STJ declara ilícitas provas obtidas em celular desbloqueado a pedido de policiais
Em 24 de junho de 2021 – Redação com Informações ConJur
Por unanimidade de votos, a 6ª Turma do Superior Tribunal de Justiça concedeu a ordem em Habeas Corpus para absolver um réu condenado por tráfico de drogas, crime que só foi descoberto porque policiais acessaram o conteúdo do celular após o suspeito atender a um pedido para desbloquear o aparelho.
As instâncias ordinárias haviam negado a ilegalidade das provas exatamente porque a jurisprudência brasileira indica que, embora os dados do celular estejam protegidos pelo sigilo das comunicações, garantido pela Constituição Federal, não há problema se o próprio dono do aparelho autoriza o acesso.
No caso, os policiais faziam ronda quando perceberam que, ao avisar a viatura, o suspeito que estava estacionado ligou o carro e empreendeu fuga. Ele foi parado em um posto de gasolina, onde passou por revista pessoal e também no veículo. Nada foi encontrado.
Os policiais então pediram para o suspeito desbloquear o aparelho celular. Nele, encontraram fotos de uma mão tatuada segurando drogas. Pediram para ver a mão do suspeito e constaram ser a mesma pessoa. Então foram até a casa dele, onde a família autorizou a entrada dos policiais.
A apreensão de 391 g de cocaína e petrechos levou à condenação de 5 anos de prisão, em regime inicial semiaberto. Relator no STJ, o ministro Rogério Schietti apontou que toda a ação penal se baseia exclusivamente nas informações derivadas do acesso ao celular, cuja narrativa coloca sob dúvida o consentimento dado pelo réu.
“Ora, um mínimo de vivência e de bom senso sugerem a falta de credibilidade de tal versão. Será mesmo que uma pessoa sobre quem recai a suspeita de traficar drogas irá franquear o acesso ao conteúdo do seu celular, onde há imagens com substâncias entorpecentes e com balanças de precisão? A troco de que faria isso?”, afirmou.
Para o ministro, é improvável que é um suspeito abordado por policiais após fuga, com o qual nada se encontre, entregue de boa vontade as provas que vão incriminá-lo aos policiais.
O mesmo vale para a autorização da família quanto ao ingresso dos policiais na residência, mesmo sem mandado judicial.
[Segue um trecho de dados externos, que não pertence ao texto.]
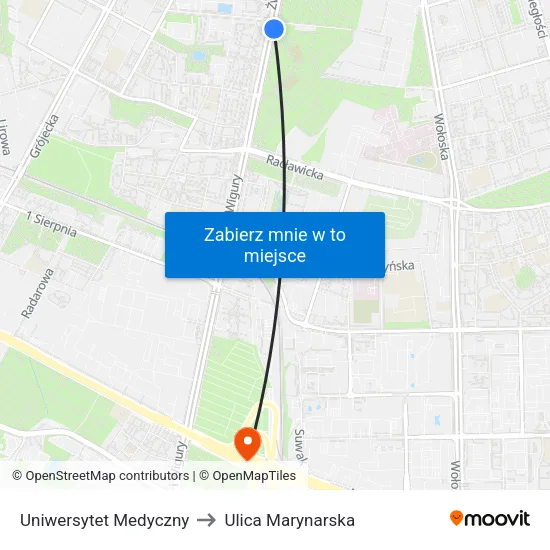 Uniwersytet Medyczny to Ulica Marynarska map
A jurisprudência recentíssima do STJ indica que é preciso comprovar que essa autorização foi dada sem pressão ou intimidação, com indicação inclusive de que deve ser registrada em vídeo e, se possível, por escrito.
“Se, de um lado, se deve, como regra, presumir a veracidade das declarações de qualquer servidor público, não se há de ignorar, por outro lado, que o senso comum e as regras de experiência merecem ser consideradas quando tudo indica não ser crível a versão oficial apresentada, máxime quando interfere em direitos fundamentais do indivíduo e quando se nota um indisfarçável desejo de se criar uma narrativa amparadora de uma versão que confira plena legalidade à ação estatal”, apontou o relator.
Jurisprudência em evolução
A ideia do posicionamento adotado pelos ministros do STJ é limar da prática diária pequenos abusos de direitos fundamentais que, ao longo do tempo, têm sido tolerados pelo Judiciário e se tornado práticas consolidadas.
Como o avanço tecnológico tornou os telefones celulares parte primordial da comunicação e armazenamento de informações pessoais, o STJ tem há muito delineado o que é constitui ilegalidade no trato desses aparelhos quando há flagrante ou investigação criminal. O tema está, também, em discussão no Supremo Tribunal Federal.
Até agora, o STJ entende, por exemplo, que apesar de provas decorrentes do acesso a mensagens sem autorização judicial serem ilegais, elas podem ser renovadas desde que o Judiciário decida de modo fundamentado acerca da perícia, com acesso às informações, que poderão embasar ação penal.
Também validou as provas obtidas pelo acesso à agenda de contatos celular, pois elas não geram a violação à intimidade — o que só ocorreria pelo acesso a mensagens e comunicações. Esse precedente é da 5ª Turma.
Por outro lado, já decidiu que conversas sobre a prática de tráfico de drogas não comprovam a habitualidade do crime. Também anulou provas obtidas porque o policial atendeu a um telefonema no celular do suspeito ou mesmo obrigou-o a aceitar a ligação no viva-voz.